Repository files navigation

Parsexp - S-expression parser

Parsexp contains functionality for parsing s-expressions, which are defined in the Base library as follows:

module Sexp : sig
  type t = Atom of string | List of t list
end

Parsexp is platform independent and as such doesn’t provide IO operations. The companion library Parsexp_io provides facilities for loading s-expressions from files.

Syntax of s-expression

Lexical conventions of s-expression

Whitespace, which consists of space, newline, horizontal tab, and form feed, is ignored unless within an OCaml-string, where it is treated according to OCaml-conventions. The left parenthesis opens a new list, the right one closes it. Lists can be empty.

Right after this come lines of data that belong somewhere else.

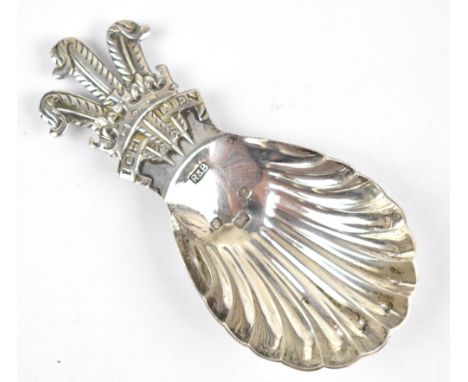 ROBERTS &amp; BELK; an Elizabeth II hallmarked silver caddy spoon with handle modelled as Prince of Wales ostrich feathers de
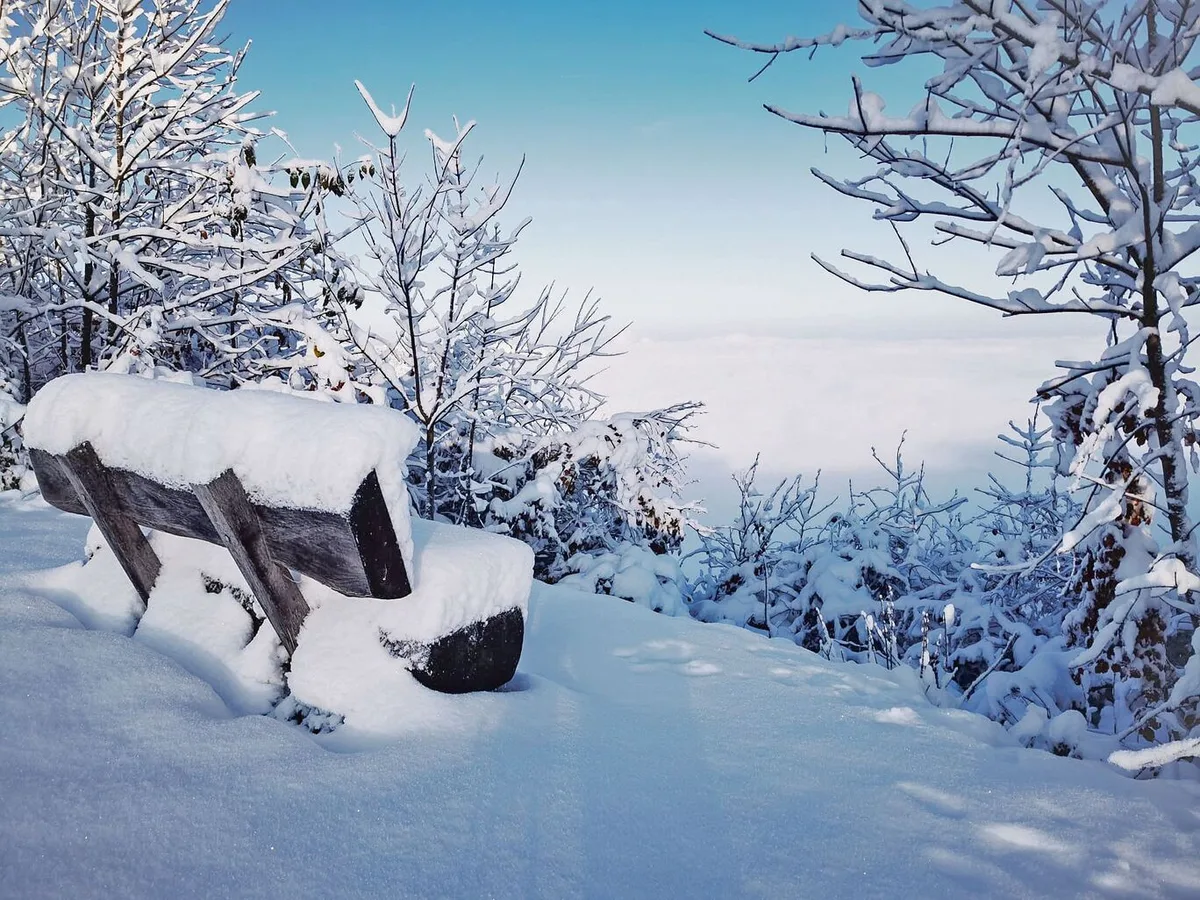 Wer hier Platz nimmt, sitzt durch den Schnee nicht nur weich (aber kalt) gepolstert, sondern geniesst auch eine herrliche Aussicht auf das Nebelmeer über dem Mittelland.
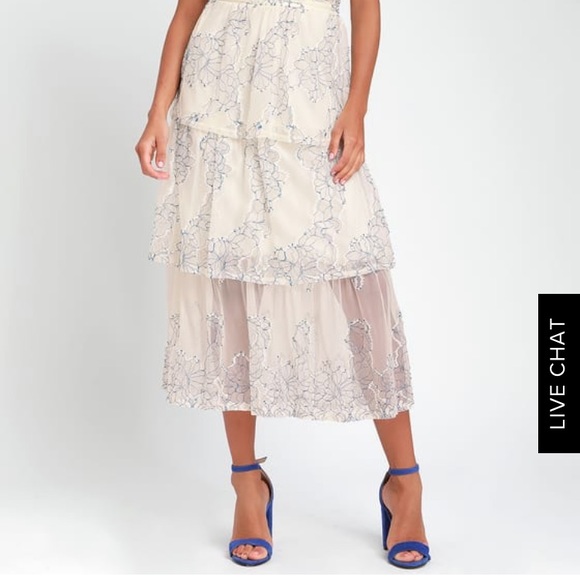 NWT Lulus blue and white lace midi dress bridal - Picture 2 of 4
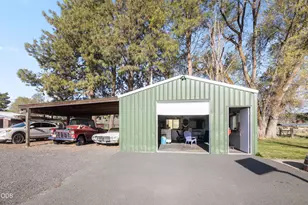 8270 Hill Rd, Klamath Falls, OR 97603 - Photo 24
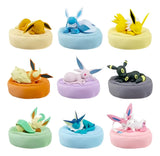 Pokemon: Langbowang Holly Box - Eevee Dormido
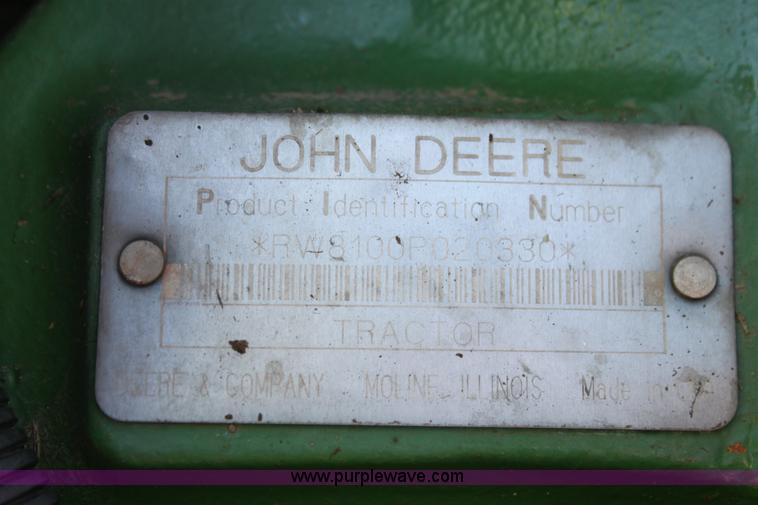 image for item F3488 1998 John Deere 8100 MFWD tractor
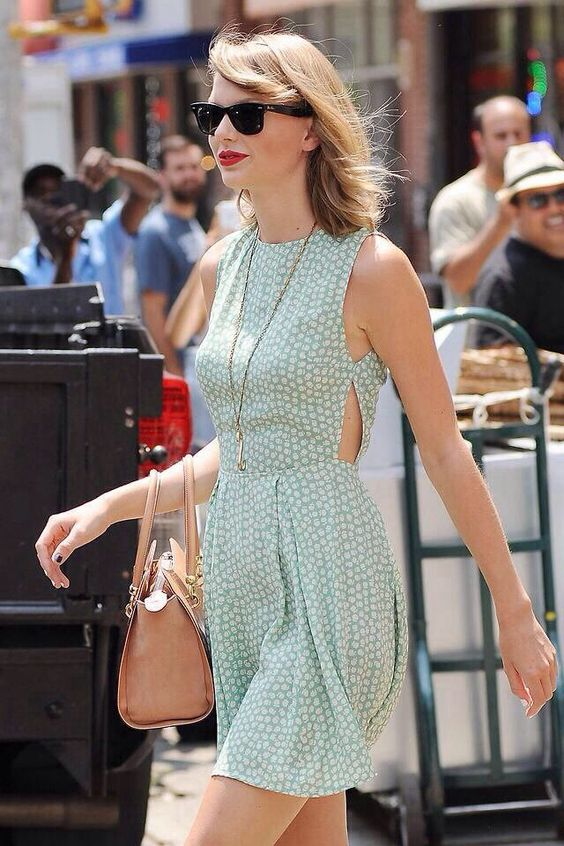 taylor wears ray-ban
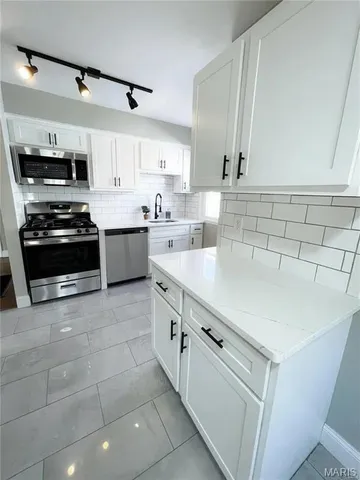 $1,795 | 1349 Kraft Street, St. Louis, MO 63139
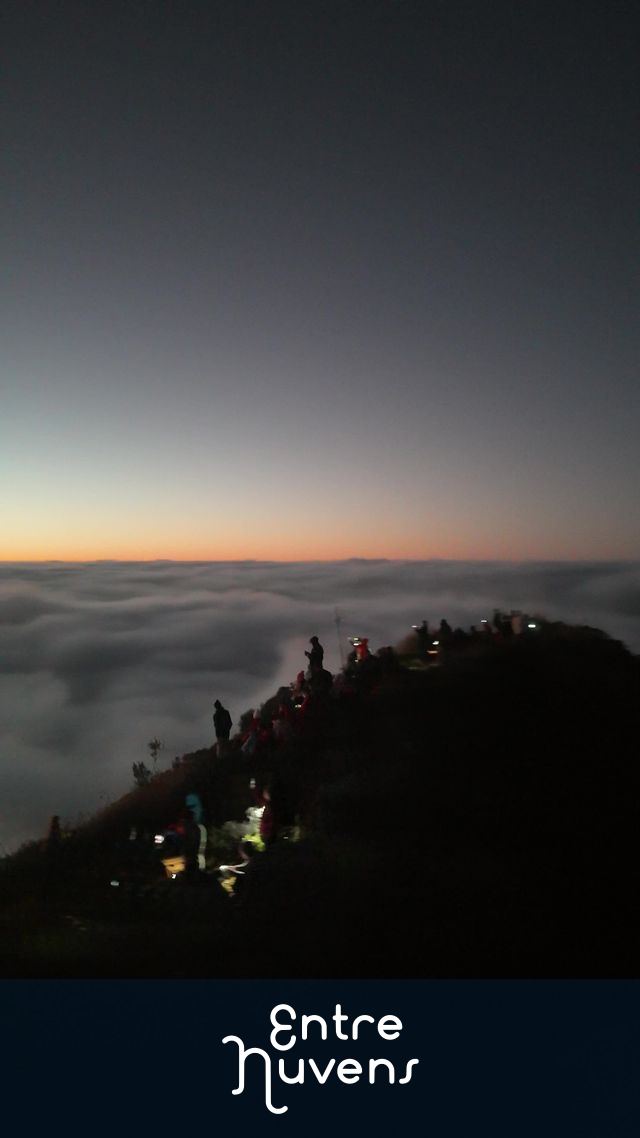 Nascer do Sol Morro Cambirella — vídeo aéreo de Palhoça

The double quote denotes the beginning and end of a string using similar lexing conventions to the ones of OCaml (see the OCaml-manual for details). Differences are:

  • octal escape sequences (\o123) are not supported by parsexp
  • backslash that’s not a part of any escape sequence is kept as it is instead of resulting in parse error
  • a backslash followed by a space does not form an escape sequence, so it’s interpreted as is, while it is interpreted as just a space by OCaml

All characters other than double quotes, left- and right parentheses, whitespace, carriage return, and comment-introducing characters or sequences (see next paragraph) are considered part of a contiguous string.

Comments

There are three kinds of comments:

  • line comments are introduced with ;, and end at the newline.
  • sexp comments are introduced with #;, and end at the end of the following s-expression
  • block comments are introduced with #| and end with |#. These can be nested, and double-quotes within them must be balanced and be lexically correct OCaml strings.

Grammar of s-expressions

s-expressions are either strings (= atoms) or lists. The lists can recursively contain further s-expressions or be empty, and must be balanced, i.e. parentheses must match.

Examples

this_is_an_atom_123'&^%!  ; this is a comment
"another atom in an OCaml-string \"string in a string\" \123"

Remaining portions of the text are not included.